But as I’ve said, unless politicians behave themselves, the losers out of this is us. & I’ll explain why through 3 big talking points in Parliament right now.


Keeping in the theme of independence, there’s been a hoo-ha in recent weeks about who’d be paying for our pensions. It stemmed from an interview with Ian Blackford, SNP’s leader down in Westminster, who argued that people who have paid into the UK’s pot through National Insurance deserve some money back from that pot later in life.

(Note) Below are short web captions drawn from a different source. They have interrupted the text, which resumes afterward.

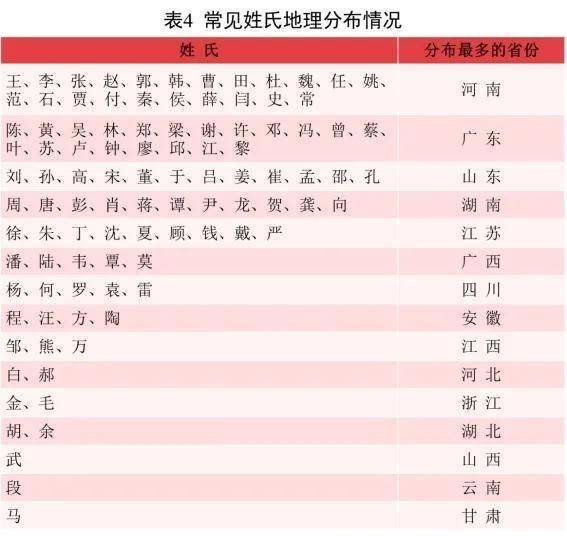三、 爆款名字表格（请自行甩掉不合胃口的）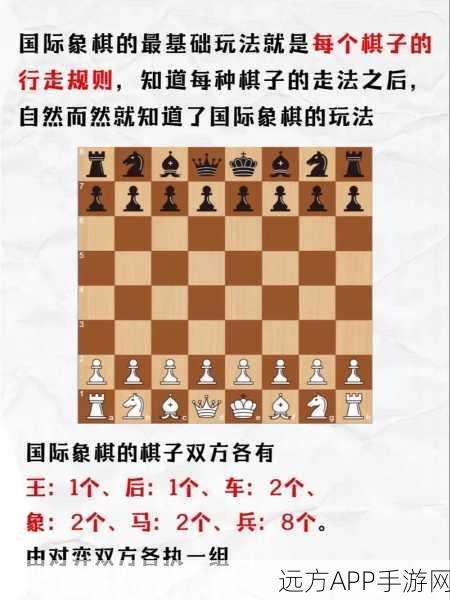 国际象棋巅峰对决，布子走子的精妙策略与实战技巧大揭秘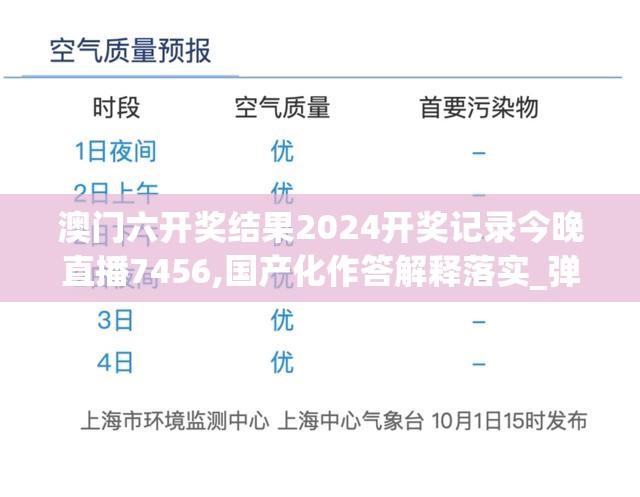 澳门六开奖结果2024开奖记录今晚直播7456,国产化作答解释落实_弹性款.1.857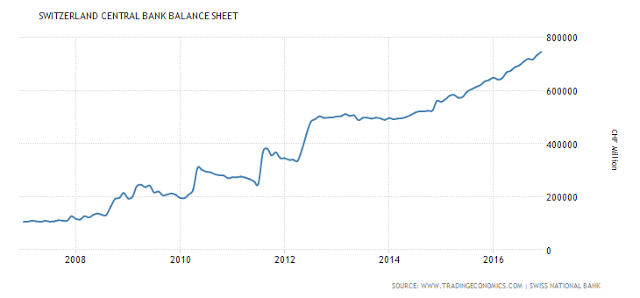 Switzerland Central Bank Balance Sheet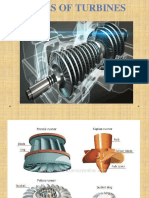 Types of Turbine Thier Application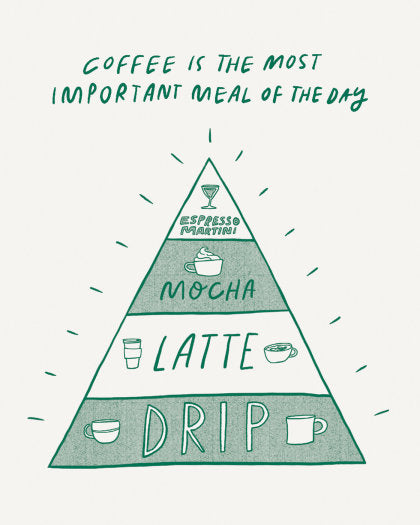 Humor Us Greeting Cards: Just For Laughs - Coffee is the most important (Pack of 6)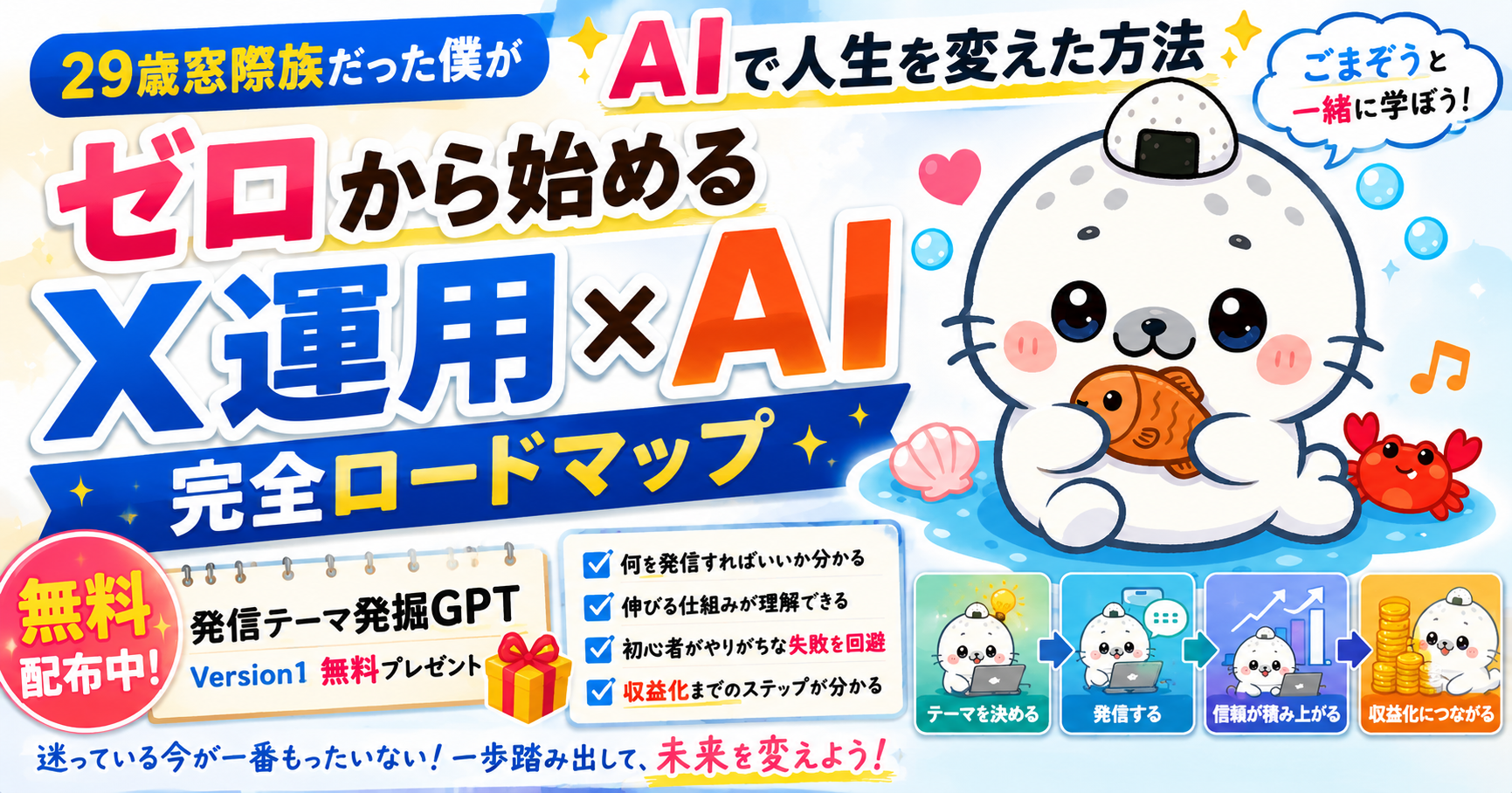 サムネイル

This has caused confusion because the Yes Campaign’s stance in 2014 said that Scotland will take full responsibility for pension payments. As a result, opposition leaders are saying that Blackford is living in a doolally world if he hinks the UK are gonnae pay our pensions… branding all nationalists as ‘fantasy economists’ who, in Alex Cole Hamilton’s (Sco Lib Dem Leader) words find it easy to paint the picture of independence as a “land of milk and honey.” (Untribal Podcast, Episode 4). Sturgeon, on the contrary, says its sound. We’re just cutting out the middle man of Westminster.

I’m sure we’ll get more clarity once the campaigns have begun but this is really dangerous territory we’re in already. This is people’s livelihoods. People are deciding for the future of their kids, and their kids, and their grandkids and so on.

Aye, hold each other accountable but quit the patter man. We need to know, definitively, what the script is gonna be. We canny have broken promises or false accusations from either side on this one. It is absolutely huge. If there is any genuine danger of losing out on money, we need to know. How much are we getting in each scenario? What are the pros and cons of it transferring over? Is there any? This all needs to be laid out in black and white. It canny be an episode ae Two Doors Down.


A biggie. Folk are skint and we need help.

Scottish Government have set out a list of things they’re doing wi the budget to gee us a hand. Amongst other things, they’re giving households in council bands A-D 150 sheets.

Opposition goes ‘that’s naewhere near enough.’

Government goes ‘aye tell me about it, give yer cronies in Westminster a shout cos they’ve got all the dosh.

Opposition goes ‘aye but you can dae more.’

Government go ‘right sound, yous got a hidden money tree you’re no telling us about?’

So what is the patter then? How are folk meant to ken if more can be done when naebody’s working together to find solutions. If the opposition has a political gain to start moaning at the Scottish government then they will do. And the same goes the other way… the Scottish government can say well aye but you’re barking up the wrong tree, it's YOUR mob wi all the power.

Meanwhile, we’re aw sat here hinkin deow, will someone give us a bung already.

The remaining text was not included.